=== Begin Enclosure ===

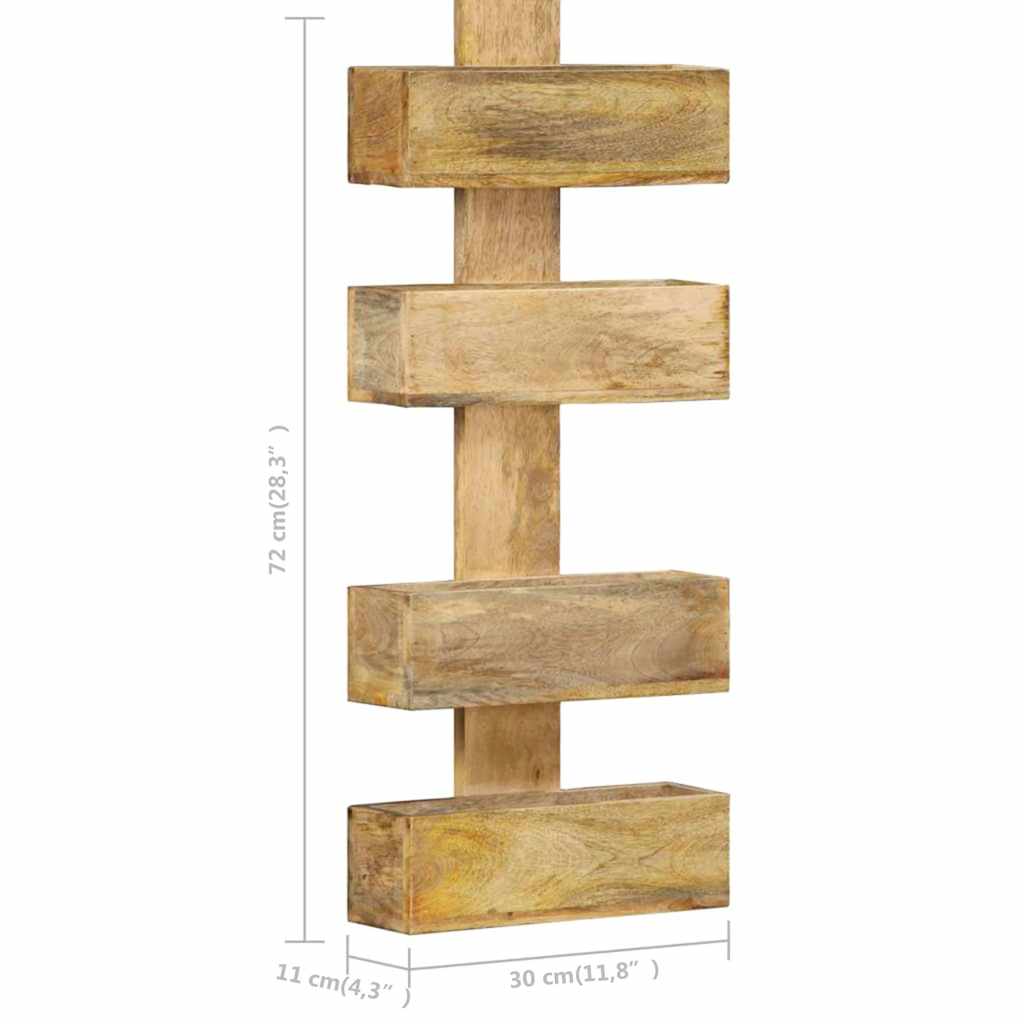 Portariviste a Parete 30x11x72 cm in Legno Massello di Mango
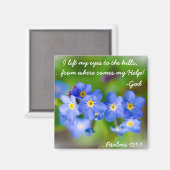 Aimant Joli bleu fleurs vers de la Bible Psaume 121:1 Aim (Recto/Verso)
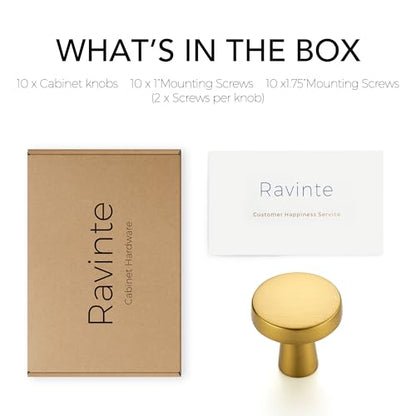 Ravinte 10 Pack Gold Cabinet Knobs Mini Round Knobs Single Hole Solid Drawer Pulls for Dresser Drawers -1 Inch Diameter - color: Gold
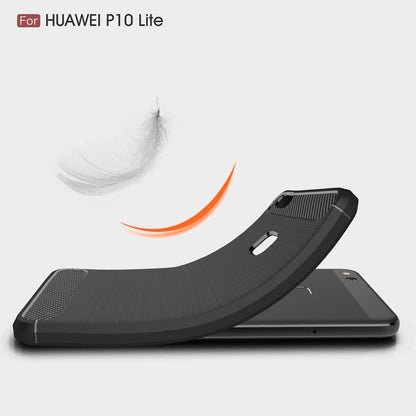 Deksel til Huawei P10 Lite, Techsuit, Karbon, Svart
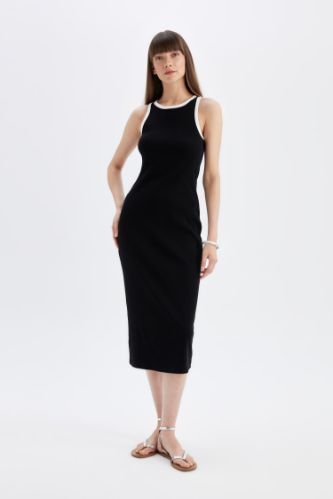 Bodycon Vücudu Saran Basic Düz Fitilli Kaşkorse Kolsuz Midi Elbise
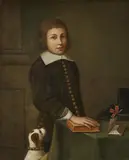 Cremona 17th century, Portrait of a Boy with Dog, Oil on canvas (relined). 90, x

=== End Enclosure ===

_The task_
Pictures stay out; the entries above are to be output exactly as given.

_Answer box_
 Portariviste a Parete 30x11x72 cm in Legno Massello di Mango
 Aimant Joli bleu fleurs vers de la Bible Psaume 121:1 Aim (Recto/Verso)
 Ravinte 10 Pack Gold Cabinet Knobs Mini Round Knobs Single Hole Solid Drawer Pulls for Dresser Drawers -1 Inch Diameter - color: Gold
 Deksel til Huawei P10 Lite, Techsuit, Karbon, Svart
 Bodycon Vücudu Saran Basic Düz Fitilli Kaşkorse Kolsuz Midi Elbise
 Cremona 17th century, Portrait of a Boy with Dog, Oil on canvas (relined). 90, x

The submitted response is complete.